A new study narrows down the number of planets outside the solar system that have the right conditions to support life.

A team of researchers found that the buildup of toxic gases in the atmospheres of many planets make them unfit for complex life to develop and thrive.

"This is the first time the physiological limits of life on Earth have been considered to predict the distribution of complex life elsewhere in the universe," claimed Timothy Lyons, a professor of biogeochemistry at the University of California, Riverside and one of the authors of the study.

They published their findings in The Astrophysical Journal on Monday, June 10.

Search For Complex Alien Life In The Universe

The researchers studied the atmospheric climate and photochemistry of exoplanets by looking at computer models. They first considered carbon dioxide, a powerful greenhouse gas that aids in maintaining temperatures above freezing.

They discovered that simple animal life can only exist in exoplanets located in more than half of the traditional habitable zone of a star system. Toward the edges, an exoplanet would need extremely high levels of carbon dioxide to keep warm enough for liquid water to exist.

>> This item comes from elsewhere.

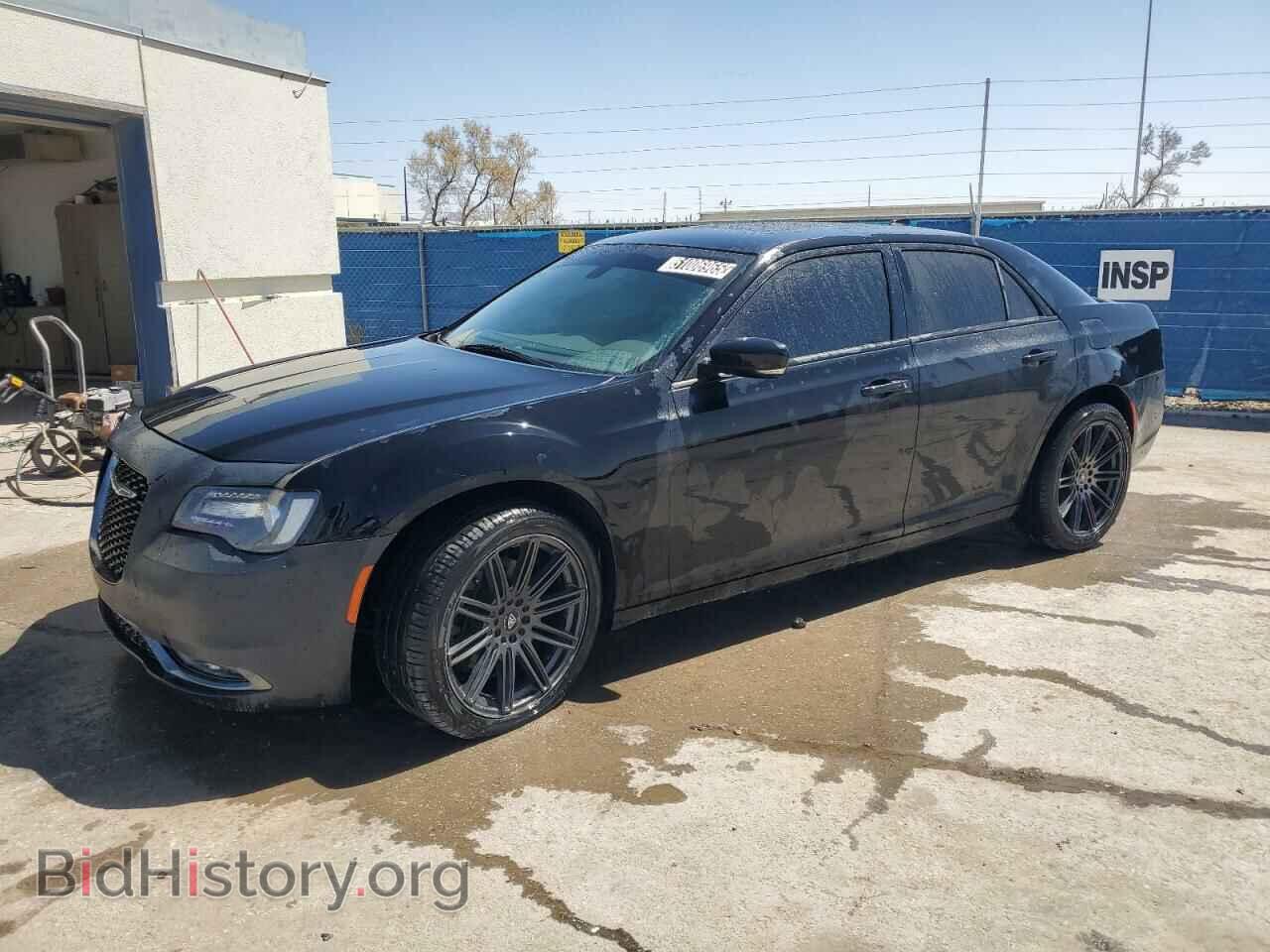 Фотография 2C3CCAGG4GH349380 - CHRYSLER 300 2016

"To sustain liquid water at the outer edge of the conventional habitable zone, a planet would need tens of thousands of times more carbon dioxide than Earth has today," said Edward Schwieterman, a NASA Postdoctoral Program fellow and the lead author of the study. "That's far beyond the levels known to be toxic to human and animal life on Earth."

For higher order animals to survive, the actual safe zone shrinks even further.

No Habitable Zone Around Some Stars

Moreover, the researchers found that, in some planetary systems, there is no habitable zone. Cooler and dimmer stars emit intense ultraviolet radiation, which can result in high carbon monoxide concentration in a nearby planet's atmosphere. This is true for Proxima Centauri and TRAPPIST-1, two of the nearest stars to the sun.

Carbon monoxide is toxic: it binds to the hemoglobin which carries oxygen throughout the body. Even a tiny amount of carbon monoxide can seriously harm a human or an animal.

Christopher Reinhard, a former graduate student at the University of California, Riverside and one of the authors of the study, explained that the discoveries narrow down the number of exoplanets that scientists could probe to look for signs of complex alien life.